OPTIMIZING THE MATRIX MULTIPLICATION PARALLEL ALGORITHMS ON A DISTRIBUTED-MEMORY MIMD MULTIPROCESSOR
Titel:
OPTIMIZING THE MATRIX MULTIPLICATION PARALLEL ALGORITHMS ON A DISTRIBUTED-MEMORY MIMD MULTIPROCESSOR
Auteur:
Garg, Sharad Sholl, Howard A. Ammar, Reda A.
Verschenen in:
International journal of parallel, emergent and distributed systems
Paginering:
Jaargang 2 (1994) nr. 4 pagina's 291-303
Jaar:
1994
Inhoud:
In the past few years, there have been significant developments in the area of distributed and parallel processing. More powerful and new hardware architectures are being produced at a rapid rate, such as distributed-memory MIMD computers, which have provided enormous computing power to the software engineers. These multiprocessors may provide a significant speed-up over the serial execution of an algorithm. However, this requires careful partitioning and allocation of data and control to the processor set.
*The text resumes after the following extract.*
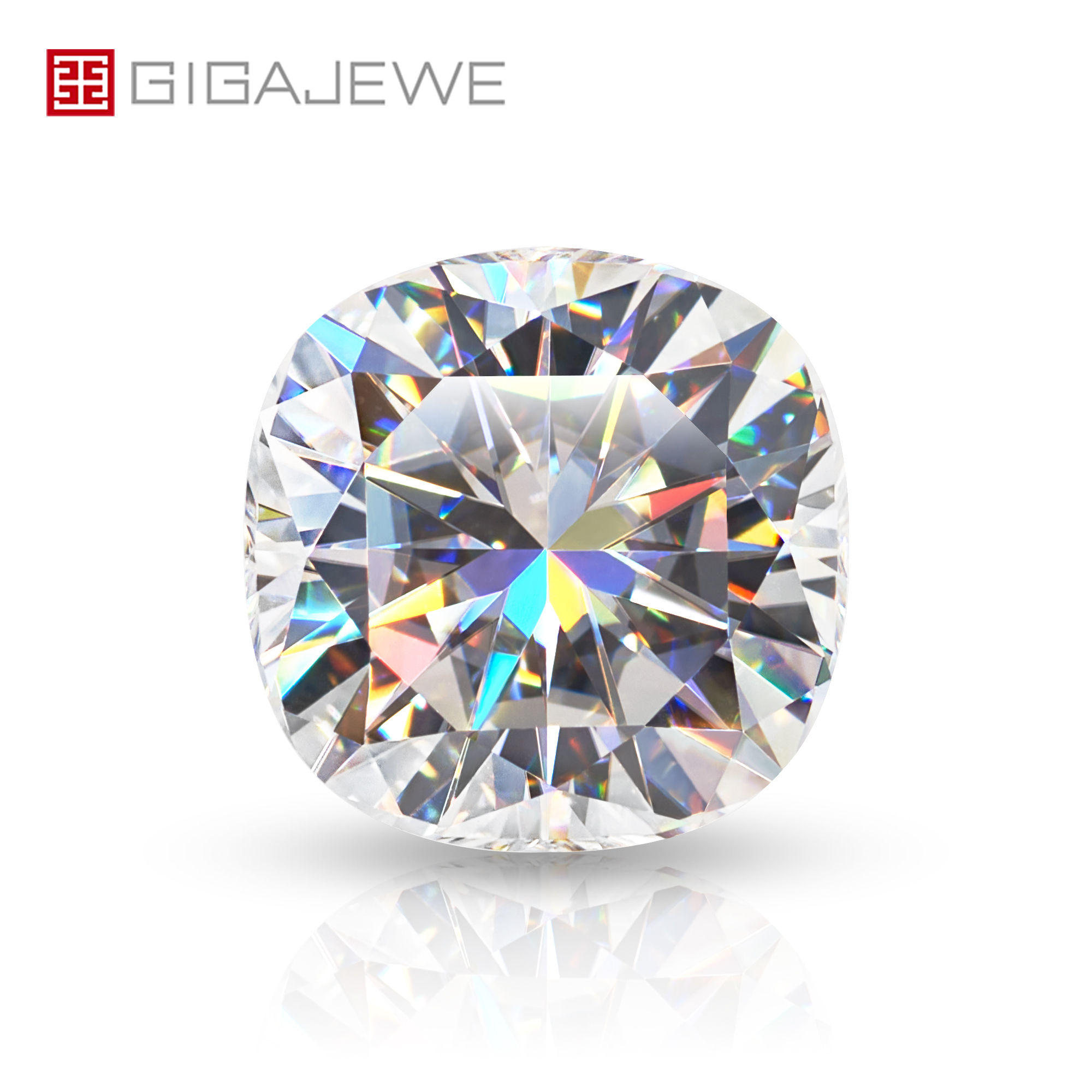 GIGAJEWE 手切垫 白色 TOP D VVS1 莫桑石 优质宝石 裸钻 测试通过 用于珠宝制作的宝石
Matrix multiplication is a fundamental parallel algorithm which can be effectively executed on a distributed-memory multiprocessor and can show significant improvement in the speed-up over the serial execution. Ideally, we should be able to achieve a linear speed up with increase in the number of processors, but in practice the speed up is much less, and in fact increasing the number of processors beyond a certain number may result in degradation of the completion time. This degradation is caused by increased communications between modules. Therefore, the optimum speed-up is a function of the number of processors and the communication cost. To find the optimum performance, a user need to experiment with all the available processors on a multiprocessor. In this paper, we studied the detailed performance of the parallel matrix multiplication algorithm. The study defines the factors that control the performance of this class of algorithms and shows how to use these factors to optimize the algorithm's execution time. Also, an analytic approach is described which can eliminate a trial and effort method to actually determine the size of processor set.